В письмах Есенина и дарственных надписях (инскриптах) на его книгах, как и в народных паремиях обрядового происхождения, присутствуют праздничные пожелания, которые соотносят какое-либо семейное торжество со свадьбой на общем для них функциональном уровне и построены на тождественности событий. В фольклоре очень распространено пожелание крестных новорожденному при его крещении – например, в Зарайском у. Рязанской губ. – по соседству с «малой родиной» Есенина: «Как видели его под крестом, так дай нам Бог видеть его под венцом!». [330] Имеется и сходное народное пожелание, бытовавшее в семействе Есениных и их односельчан в с. Константиново: «Дай Бог тебе доброго здоровья, а ангелу твоему – золотой венец!». [331]
Иногда Есенин употребляет свадебную лексику в иносказательном смысле, чтобы подчеркнуть иронический подтекст высказывания. В письме к А. Б. Кусикову от 7 февраля 1923 г. с парохода в Атлантическом океане он сообщал: «Об Америке расскажу после. Дрянь ужаснейшая, внешне типом сплошное Баку, внутри Захер-Менский, если повенчать его на Серпинской» (VI, 153).

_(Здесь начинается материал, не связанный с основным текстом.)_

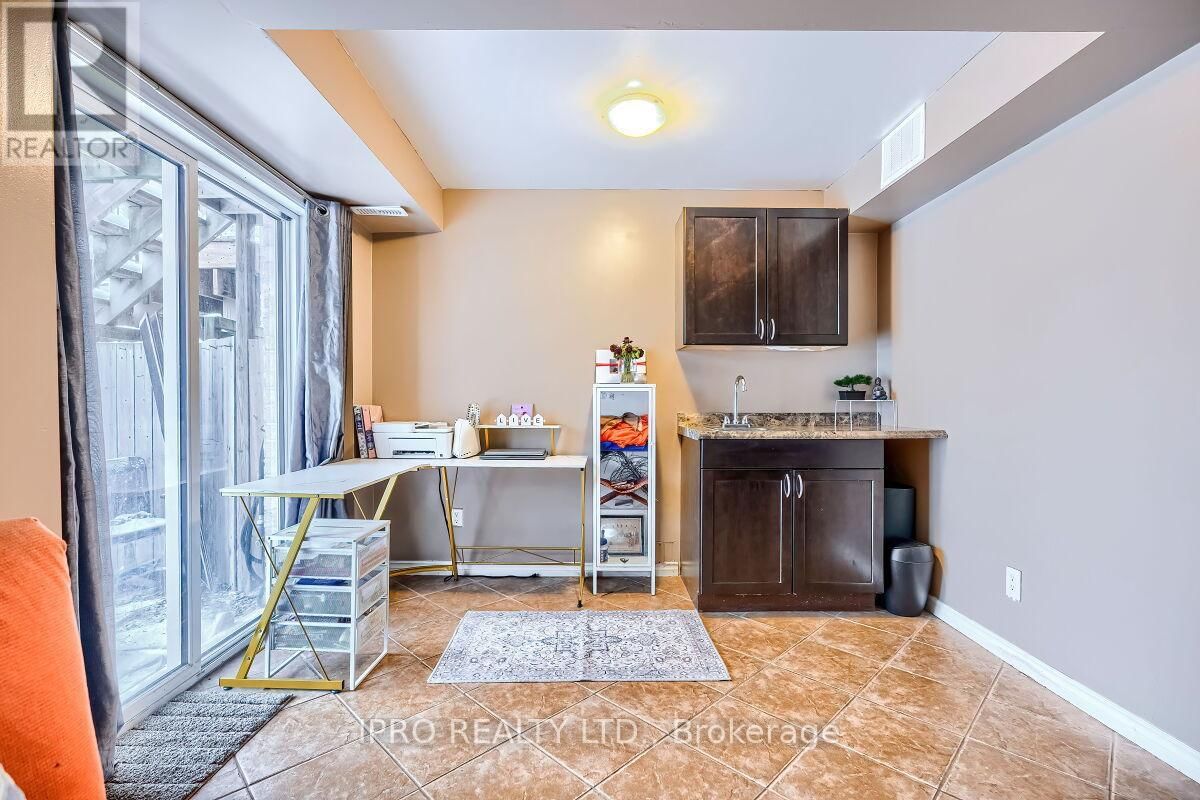 36 FORSYTH CRESCENT Image 29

Цитация свадебной терминологии
Интерес Есенина к свадьбе проявлялся и в том, что он включал в свою публицистику стихотворные строки поэтов-современников со свадебной тематикой. Так, в статье 1915 г. «Ярославны плачут» сказано: «Мы еще не успели забыть и “невесту в атласном белом платье” Надежду Львову…» (V, 175). Речь идет о покончившей самоубийством из-за несчастной любви к В. Я. Брюсову в ноябре 1915 г. поэтессе Н. Г. Львовой (Полторацкой) – авторе названного по 1-й строке стихотворения «Я оденусь невестой – в атласном белом платье…» (V, 415).